(Collected data)
********
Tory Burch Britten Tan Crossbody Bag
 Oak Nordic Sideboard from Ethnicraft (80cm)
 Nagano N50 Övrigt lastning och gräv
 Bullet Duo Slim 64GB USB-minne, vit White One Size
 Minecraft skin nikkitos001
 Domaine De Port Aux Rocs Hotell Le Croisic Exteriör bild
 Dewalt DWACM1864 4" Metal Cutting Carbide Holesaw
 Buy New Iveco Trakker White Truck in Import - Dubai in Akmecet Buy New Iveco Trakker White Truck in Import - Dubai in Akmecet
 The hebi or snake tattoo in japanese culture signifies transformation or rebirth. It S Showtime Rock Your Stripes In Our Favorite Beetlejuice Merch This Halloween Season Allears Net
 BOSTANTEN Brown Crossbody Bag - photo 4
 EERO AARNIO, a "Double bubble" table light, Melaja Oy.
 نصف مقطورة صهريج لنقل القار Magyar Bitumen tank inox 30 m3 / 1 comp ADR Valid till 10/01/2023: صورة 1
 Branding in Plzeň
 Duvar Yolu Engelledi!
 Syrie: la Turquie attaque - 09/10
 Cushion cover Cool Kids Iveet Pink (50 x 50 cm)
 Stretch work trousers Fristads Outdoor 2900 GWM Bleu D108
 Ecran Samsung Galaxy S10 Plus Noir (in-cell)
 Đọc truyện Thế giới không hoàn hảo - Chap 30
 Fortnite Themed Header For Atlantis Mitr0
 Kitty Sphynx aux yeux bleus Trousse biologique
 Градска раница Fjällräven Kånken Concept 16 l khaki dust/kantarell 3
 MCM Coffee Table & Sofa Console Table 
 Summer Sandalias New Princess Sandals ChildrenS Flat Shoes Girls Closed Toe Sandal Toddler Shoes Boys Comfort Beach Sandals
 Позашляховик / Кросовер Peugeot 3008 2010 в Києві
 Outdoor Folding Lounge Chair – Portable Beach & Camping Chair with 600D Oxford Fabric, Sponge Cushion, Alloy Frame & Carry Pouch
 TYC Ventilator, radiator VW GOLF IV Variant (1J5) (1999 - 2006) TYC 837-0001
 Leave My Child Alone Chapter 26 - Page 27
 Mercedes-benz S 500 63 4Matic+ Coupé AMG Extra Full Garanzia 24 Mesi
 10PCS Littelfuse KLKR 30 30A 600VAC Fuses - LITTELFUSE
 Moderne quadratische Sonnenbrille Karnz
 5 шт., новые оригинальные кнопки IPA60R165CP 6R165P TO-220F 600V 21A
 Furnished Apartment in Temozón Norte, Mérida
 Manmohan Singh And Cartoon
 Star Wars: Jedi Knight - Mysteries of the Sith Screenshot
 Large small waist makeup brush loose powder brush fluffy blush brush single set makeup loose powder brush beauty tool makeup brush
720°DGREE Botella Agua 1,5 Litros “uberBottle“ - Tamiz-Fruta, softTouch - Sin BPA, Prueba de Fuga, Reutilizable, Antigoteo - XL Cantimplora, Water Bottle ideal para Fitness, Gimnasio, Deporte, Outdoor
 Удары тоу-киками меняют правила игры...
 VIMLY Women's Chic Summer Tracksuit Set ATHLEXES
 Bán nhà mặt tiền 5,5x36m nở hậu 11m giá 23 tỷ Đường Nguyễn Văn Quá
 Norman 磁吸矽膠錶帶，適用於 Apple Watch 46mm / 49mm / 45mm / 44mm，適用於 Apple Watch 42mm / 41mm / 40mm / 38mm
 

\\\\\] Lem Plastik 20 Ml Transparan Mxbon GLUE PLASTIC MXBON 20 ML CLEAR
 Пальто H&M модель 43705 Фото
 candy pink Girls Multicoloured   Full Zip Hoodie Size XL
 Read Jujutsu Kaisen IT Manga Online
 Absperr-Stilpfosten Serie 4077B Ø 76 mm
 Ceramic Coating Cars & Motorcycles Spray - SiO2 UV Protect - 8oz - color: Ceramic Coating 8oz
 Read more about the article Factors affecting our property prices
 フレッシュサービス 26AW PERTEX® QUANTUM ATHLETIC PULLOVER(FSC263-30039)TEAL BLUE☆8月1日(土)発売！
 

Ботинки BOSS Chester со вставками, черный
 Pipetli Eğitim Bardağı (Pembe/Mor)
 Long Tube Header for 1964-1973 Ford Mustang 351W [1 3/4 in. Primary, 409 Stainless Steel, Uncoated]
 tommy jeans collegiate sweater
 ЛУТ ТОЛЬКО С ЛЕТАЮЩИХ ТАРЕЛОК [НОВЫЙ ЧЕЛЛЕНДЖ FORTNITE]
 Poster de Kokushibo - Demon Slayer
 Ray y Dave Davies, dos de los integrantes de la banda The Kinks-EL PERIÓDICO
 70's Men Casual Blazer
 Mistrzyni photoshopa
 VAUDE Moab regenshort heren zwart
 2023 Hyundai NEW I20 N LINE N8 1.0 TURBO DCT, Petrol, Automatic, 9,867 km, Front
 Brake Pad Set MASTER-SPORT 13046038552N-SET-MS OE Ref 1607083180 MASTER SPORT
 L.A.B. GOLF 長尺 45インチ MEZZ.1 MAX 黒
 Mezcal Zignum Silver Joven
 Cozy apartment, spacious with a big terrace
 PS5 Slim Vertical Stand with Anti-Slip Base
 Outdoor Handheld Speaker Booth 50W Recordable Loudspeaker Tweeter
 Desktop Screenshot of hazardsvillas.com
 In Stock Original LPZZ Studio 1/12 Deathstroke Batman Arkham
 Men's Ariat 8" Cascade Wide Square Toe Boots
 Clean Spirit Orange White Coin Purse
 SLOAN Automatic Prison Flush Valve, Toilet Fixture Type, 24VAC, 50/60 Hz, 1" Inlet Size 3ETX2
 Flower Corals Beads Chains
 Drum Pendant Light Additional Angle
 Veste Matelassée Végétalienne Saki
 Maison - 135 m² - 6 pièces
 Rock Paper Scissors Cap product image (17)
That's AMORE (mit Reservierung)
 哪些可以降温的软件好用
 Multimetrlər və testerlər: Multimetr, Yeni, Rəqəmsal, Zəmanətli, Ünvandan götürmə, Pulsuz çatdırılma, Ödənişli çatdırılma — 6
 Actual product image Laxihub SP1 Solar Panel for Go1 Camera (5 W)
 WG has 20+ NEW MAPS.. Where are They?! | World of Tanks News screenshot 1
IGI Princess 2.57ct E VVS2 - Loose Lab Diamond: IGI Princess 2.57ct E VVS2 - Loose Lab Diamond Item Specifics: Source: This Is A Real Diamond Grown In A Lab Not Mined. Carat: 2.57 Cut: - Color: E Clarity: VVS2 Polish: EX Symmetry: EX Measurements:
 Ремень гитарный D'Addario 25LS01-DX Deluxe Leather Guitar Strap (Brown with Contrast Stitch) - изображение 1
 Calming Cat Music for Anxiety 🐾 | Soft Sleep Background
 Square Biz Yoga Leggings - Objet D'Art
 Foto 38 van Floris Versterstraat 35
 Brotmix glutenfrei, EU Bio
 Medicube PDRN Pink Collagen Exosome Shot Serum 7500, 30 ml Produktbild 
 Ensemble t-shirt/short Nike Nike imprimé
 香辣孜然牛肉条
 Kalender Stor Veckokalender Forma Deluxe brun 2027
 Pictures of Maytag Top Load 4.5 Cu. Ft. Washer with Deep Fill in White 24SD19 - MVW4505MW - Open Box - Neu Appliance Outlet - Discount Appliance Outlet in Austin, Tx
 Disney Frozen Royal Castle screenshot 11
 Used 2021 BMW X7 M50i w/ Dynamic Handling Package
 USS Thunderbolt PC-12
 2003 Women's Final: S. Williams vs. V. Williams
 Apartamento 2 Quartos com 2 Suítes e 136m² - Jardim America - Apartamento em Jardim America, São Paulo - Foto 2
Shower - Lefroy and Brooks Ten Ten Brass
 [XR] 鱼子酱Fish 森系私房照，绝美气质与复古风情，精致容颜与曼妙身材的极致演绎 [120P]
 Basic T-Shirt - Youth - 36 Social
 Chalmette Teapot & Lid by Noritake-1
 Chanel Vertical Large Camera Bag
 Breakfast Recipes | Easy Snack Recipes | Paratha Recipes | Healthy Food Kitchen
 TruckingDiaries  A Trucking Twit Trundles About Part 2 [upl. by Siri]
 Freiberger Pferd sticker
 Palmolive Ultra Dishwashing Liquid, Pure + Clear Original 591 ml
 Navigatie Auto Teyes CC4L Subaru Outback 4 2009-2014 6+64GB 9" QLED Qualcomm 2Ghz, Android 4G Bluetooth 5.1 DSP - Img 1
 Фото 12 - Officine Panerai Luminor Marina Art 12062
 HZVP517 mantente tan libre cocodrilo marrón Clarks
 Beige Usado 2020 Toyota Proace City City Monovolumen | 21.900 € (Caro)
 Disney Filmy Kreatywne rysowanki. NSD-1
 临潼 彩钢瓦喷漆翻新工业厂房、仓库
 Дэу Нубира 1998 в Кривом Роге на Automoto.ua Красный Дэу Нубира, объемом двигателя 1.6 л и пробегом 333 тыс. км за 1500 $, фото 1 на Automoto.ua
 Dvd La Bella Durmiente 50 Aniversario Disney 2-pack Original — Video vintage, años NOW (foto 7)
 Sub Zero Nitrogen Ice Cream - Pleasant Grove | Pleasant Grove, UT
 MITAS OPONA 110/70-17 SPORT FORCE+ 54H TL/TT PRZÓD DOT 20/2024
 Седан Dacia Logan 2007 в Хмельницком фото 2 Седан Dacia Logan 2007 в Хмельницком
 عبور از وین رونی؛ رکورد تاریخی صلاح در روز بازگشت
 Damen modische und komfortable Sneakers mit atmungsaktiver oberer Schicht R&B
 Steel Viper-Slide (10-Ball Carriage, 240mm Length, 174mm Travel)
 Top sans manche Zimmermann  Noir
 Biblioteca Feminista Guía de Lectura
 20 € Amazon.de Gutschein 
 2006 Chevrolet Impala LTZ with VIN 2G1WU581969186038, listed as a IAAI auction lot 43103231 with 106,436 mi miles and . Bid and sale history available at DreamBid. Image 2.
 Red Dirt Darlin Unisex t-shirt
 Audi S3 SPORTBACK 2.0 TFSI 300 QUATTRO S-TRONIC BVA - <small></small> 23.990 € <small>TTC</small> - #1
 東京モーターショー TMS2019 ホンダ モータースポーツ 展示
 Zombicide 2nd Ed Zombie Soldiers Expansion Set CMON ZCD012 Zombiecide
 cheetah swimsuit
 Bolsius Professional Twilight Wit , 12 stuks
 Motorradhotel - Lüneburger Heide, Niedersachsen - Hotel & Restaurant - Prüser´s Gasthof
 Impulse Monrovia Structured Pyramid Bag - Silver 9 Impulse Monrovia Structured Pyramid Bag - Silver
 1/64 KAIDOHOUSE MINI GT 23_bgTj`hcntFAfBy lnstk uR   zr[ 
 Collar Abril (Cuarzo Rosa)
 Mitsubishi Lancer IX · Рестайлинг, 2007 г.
********
*WORK INSTRUCTION*.
Taking the entries above, restate exactly those lines that fall between the line with "SLOAN Automatic Prison" and the line with "Navigatie Auto Teyes", keeping both of those lines too.

*SOLUTION TO THIS EXERCISE*.
 SLOAN Automatic Prison Flush Valve, Toilet Fixture Type, 24VAC, 50/60 Hz, 1" Inlet Size 3ETX2
 Flower Corals Beads Chains
 Drum Pendant Light Additional Angle
 Veste Matelassée Végétalienne Saki
 Maison - 135 m² - 6 pièces
 Rock Paper Scissors Cap product image (17)
That's AMORE (mit Reservierung)
 哪些可以降温的软件好用
 Multimetrlər və testerlər: Multimetr, Yeni, Rəqəmsal, Zəmanətli, Ünvandan götürmə, Pulsuz çatdırılma, Ödənişli çatdırılma — 6
 Actual product image Laxihub SP1 Solar Panel for Go1 Camera (5 W)
 WG has 20+ NEW MAPS.. Where are They?! | World of Tanks News screenshot 1
IGI Princess 2.57ct E VVS2 - Loose Lab Diamond: IGI Princess 2.57ct E VVS2 - Loose Lab Diamond Item Specifics: Source: This Is A Real Diamond Grown In A Lab Not Mined. Carat: 2.57 Cut: - Color: E Clarity: VVS2 Polish: EX Symmetry: EX Measurements:
 Ремень гитарный D'Addario 25LS01-DX Deluxe Leather Guitar Strap (Brown with Contrast Stitch) - изображение 1
 Calming Cat Music for Anxiety 🐾 | Soft Sleep Background
 Square Biz Yoga Leggings - Objet D'Art
 Foto 38 van Floris Versterstraat 35
 Brotmix glutenfrei, EU Bio
 Medicube PDRN Pink Collagen Exosome Shot Serum 7500, 30 ml Produktbild 
 Ensemble t-shirt/short Nike Nike imprimé
 香辣孜然牛肉条
 Kalender Stor Veckokalender Forma Deluxe brun 2027
 Pictures of Maytag Top Load 4.5 Cu. Ft. Washer with Deep Fill in White 24SD19 - MVW4505MW - Open Box - Neu Appliance Outlet - Discount Appliance Outlet in Austin, Tx
 Disney Frozen Royal Castle screenshot 11
 Used 2021 BMW X7 M50i w/ Dynamic Handling Package
 USS Thunderbolt PC-12
 2003 Women's Final: S. Williams vs. V. Williams
 Apartamento 2 Quartos com 2 Suítes e 136m² - Jardim America - Apartamento em Jardim America, São Paulo - Foto 2
Shower - Lefroy and Brooks Ten Ten Brass
 [XR] 鱼子酱Fish 森系私房照，绝美气质与复古风情，精致容颜与曼妙身材的极致演绎 [120P]
 Basic T-Shirt - Youth - 36 Social
 Chalmette Teapot & Lid by Noritake-1
 Chanel Vertical Large Camera Bag
 Breakfast Recipes | Easy Snack Recipes | Paratha Recipes | Healthy Food Kitchen
 TruckingDiaries  A Trucking Twit Trundles About Part 2 [upl. by Siri]
 Freiberger Pferd sticker
 Palmolive Ultra Dishwashing Liquid, Pure + Clear Original 591 ml
 Navigatie Auto Teyes CC4L Subaru Outback 4 2009-2014 6+64GB 9" QLED Qualcomm 2Ghz, Android 4G Bluetooth 5.1 DSP - Img 1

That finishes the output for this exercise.